> **GIVEN RECORDS**:
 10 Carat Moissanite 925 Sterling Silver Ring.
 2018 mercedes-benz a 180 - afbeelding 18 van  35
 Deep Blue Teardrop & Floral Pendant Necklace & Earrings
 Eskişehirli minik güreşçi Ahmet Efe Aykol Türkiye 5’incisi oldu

==

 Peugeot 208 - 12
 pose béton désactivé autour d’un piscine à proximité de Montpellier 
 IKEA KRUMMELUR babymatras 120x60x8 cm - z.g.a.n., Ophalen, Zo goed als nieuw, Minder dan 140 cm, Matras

> **PROBLEM**: All that is wanted is a faithful reproduction of the line above with "Deep Blue Teardrop", the line with "Eskişehirli minik güreşçi", and every line in between.

> **ANSWER BELOW**:
 Deep Blue Teardrop & Floral Pendant Necklace & Earrings
 Eskişehirli minik güreşçi Ahmet Efe Aykol Türkiye 5’incisi oldu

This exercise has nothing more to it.